By: By Christopher Bjorke, Forum News Service, The Jamestown Sun
A last-minute, one-year extension of a wind energy subsidy could save thousands of jobs nationwide, according to an industry group, but officials in North Dakota are waiting to see what its effect will be on jobs here.
The tax deal passed in the House of Representatives this week to avert the “fiscal cliff” crisis included an extension of the production tax credit for wind energy projects started in 2013.
The deal will help support LM Wind Power’s wind blade factory in Grand Forks, but any new hiring will depend on how active its customers are in 2013, said Bill Burga Jr., head of manufacturing for North and South America for Denmark-based LM.
“While we’re all encouraged with this news, any new business will likely take many months to actually arrive,” Burga wrote in an email.

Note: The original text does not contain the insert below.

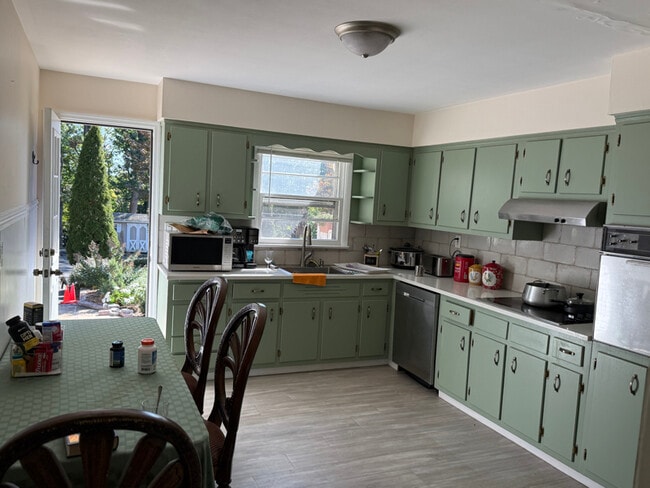 Building Photo - 20 Columbia Pl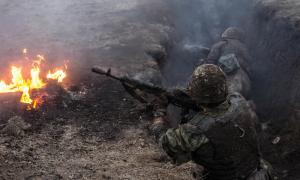 АТО: ворог активізував обстріли українських позицій з використанням важкого озброєння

The wind industry had been bracing for the expected expiration of the credit after Dec. 31, which was cited by LM in its decision to cut 345 jobs in Grand Forks in September.
The American Wind Energy Association said the extension, which provides a 2.2-cent credit per kilowatt hour of renewable power, could save as many as 37,000 of the 75,000 wind industry jobs thought to be in the U.S.
“We’re still attempting to see what might come from this in the coming months,” said Burga, who is based in Grand Forks. “We’re certainly hopeful those customers that were ‘fence sitters’ might begin to offer up a renewed look this year.”
LM received a blade order in late 2012 that could prompt the company to hire 40 or more workers, but that number could also be much smaller depending on when the customer takes the blades.
The prospects for a closed component factory in West Fargo were uncertain to economic development officials there.
West Fargo’s former DMI Industries wind tower factory has been shuttered since DMI’s parent company, Otter Tail Corp., sold off the company to Texas-based Trinity Industries in September.
West Fargo Economic and Community Services Director Mark Vaux said he had not heard from Trinity on their plans for the factory.
“We’ve been trading phone calls with them to find out what their plans are,” Vaux said.
Trinity has a broad portfolio of businesses, including wind towers but the company has not told West Fargo leaders if it will use the DMI factor for wind components.
“They never indicated that that was part of their future plans,” Vaux said.
Calls to Trinity were not returned Thursday.
While LM is waiting for the wind industry’s response to the tax credit extension, the president of the Grand Forks Region Economic Develop Corp. said it would probably prevent further job losses at LM.
“It should stabilize their workforce,” said Klaus Thiessen of the EDC.
He said LM’s workforce stood at 230 workers in Grand Forks.